Vegas casino sues couple for cheating at craps

Those thieves are probably so straight-up and honest that they are paying their fare share in taxes and aren’t fleecing anyone out of anything else anywhere else!

This is a victory for the little guy against the big casino. Might be a loss for all the bettors spending their social security checks that didn’t bet higher than six on the slide rolls though.

But I am very confident these scam artists scam only casinos. Most U.S. citizens are not suffering because of their theft (until the buy something whose price has the cost of doing business built into it. And one cost of doing business is the cost of theft, cheating, losses, etc).

Justice! It’s just so darn hard to figure out.

If your casino is an easy target, the appropriate response is to make it not an easy target. Any time resourceful gamblers found an exploit that allowed them to beat the system completely fair and square…card counting, timing the pull of the slot machine just right, that roulette wheel that favored certain numbers just a bit more than others…the industry’s response has been to simply fix it. If anything, having gamblers think you’re a mark after you’ve already fixed the problem can be a boon.

There is absolutely no way a couple cheats its way to $700,000 unless an employee, possibly several, ROYALLY screw up. We’re not taking sticking a bit of newspaper in a payout slot, the dice have to be thrown across the entire length of the table in full view of everyone around it. If there is solid evidence, all the casino needs to do is present it and deny the winnings. Otherwise, get more competent employees, or if it’s still completely inconclusive as to whether there was any cheating, take the loss and move on.

Absolutely do not see how they expect to gain in the long run with this lawsuit. I’ll be shocked if that happens.

If a dealers let a dice roller roll more than two slide rolls in a row, there is something wrong. On any crap table I have been on, the dealers tell the thrower to hit the back wall after they missed it twice in a row.

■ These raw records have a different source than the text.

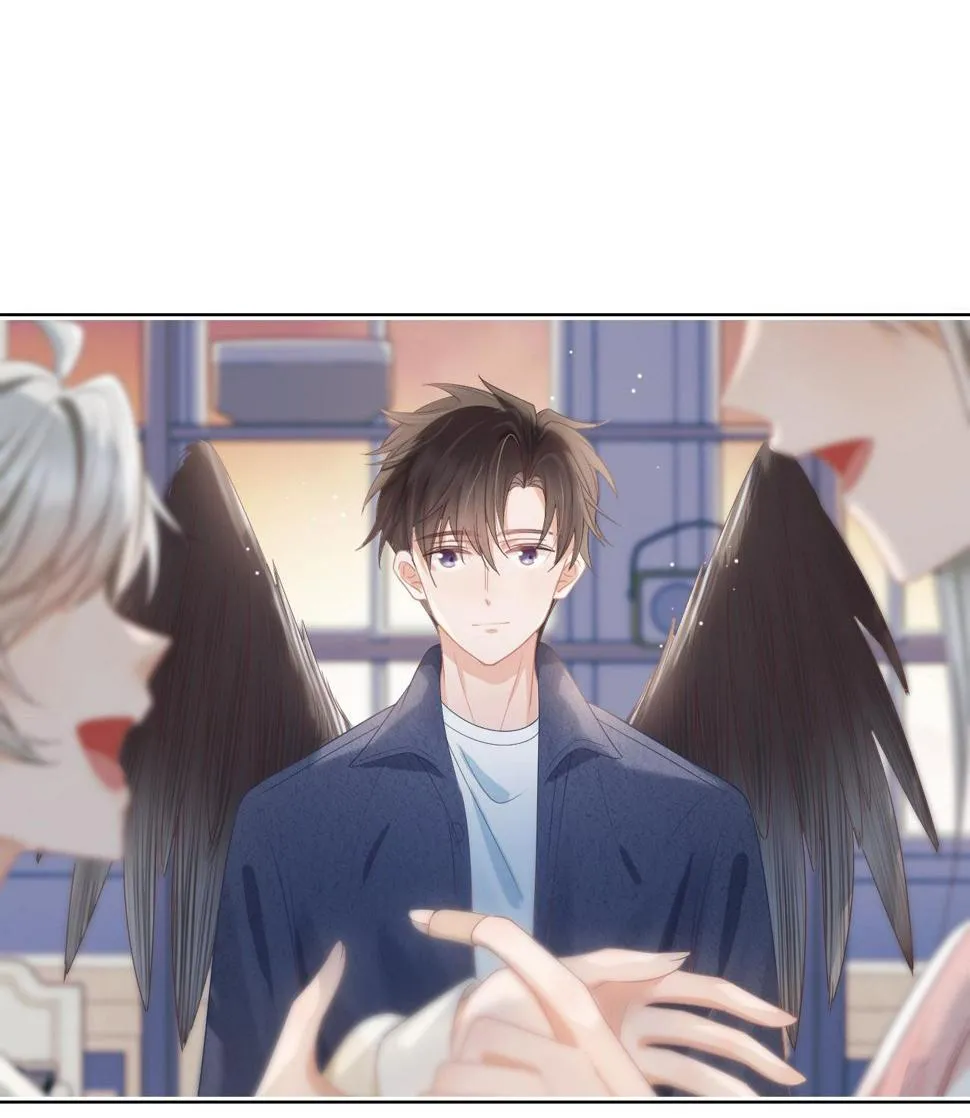 Ss2 Một ngụm ăn cả thỏ con Chapter 23 Trang 21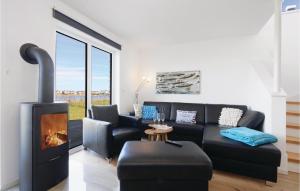 Kapitänshausseeadler 28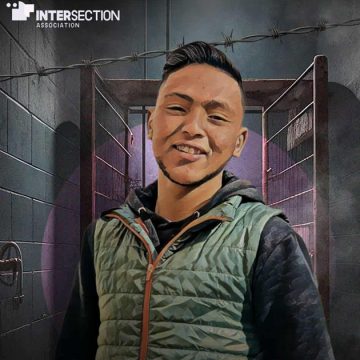 Tunisie | Appels à une enquête sur le décès du jeune Hazem en prison
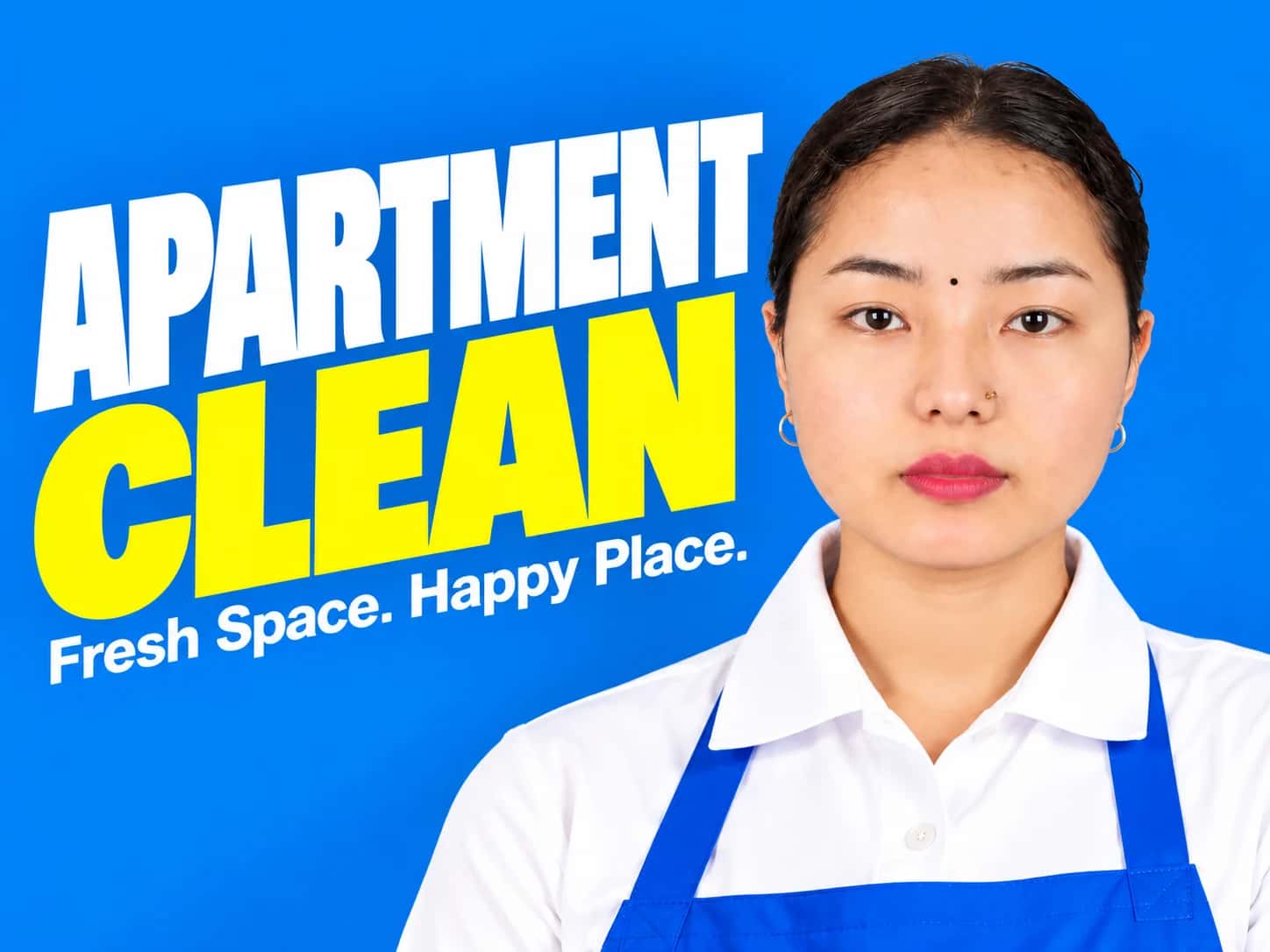 How to Clean an Apartment Balcony in Abu Dhabi: Dust, Door Tracks, Glass and the Drain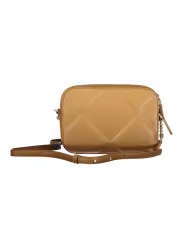"Calvin Klein Startseite im Sale | CALVIN KLEIN BRAUNE DAMENTASCHE online kaufen"|Planet-Deluxe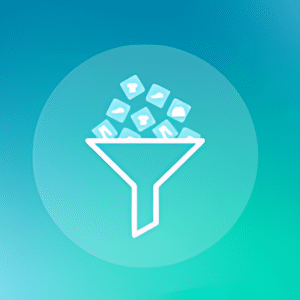 UpFilter Pro (Installation & Activation)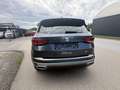 SEAT Ateca FR Grau - thumbnail 5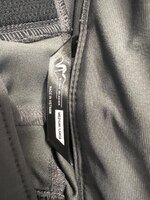 IMG_5141.jpeg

Nothing I read suggests they used consecutive rolls to perform their slides. Also, only one of the dice is slid, while the other tumbles normally. Finally, they apparently used accomplices to distract the dealers during the slide rolls. Even sliding only one time out of every ten rolls, with only 1 die, can give you a tremendous advantage if you can pull it off successfully, especially if you vary your bets so the big money is playing on those particular rolls.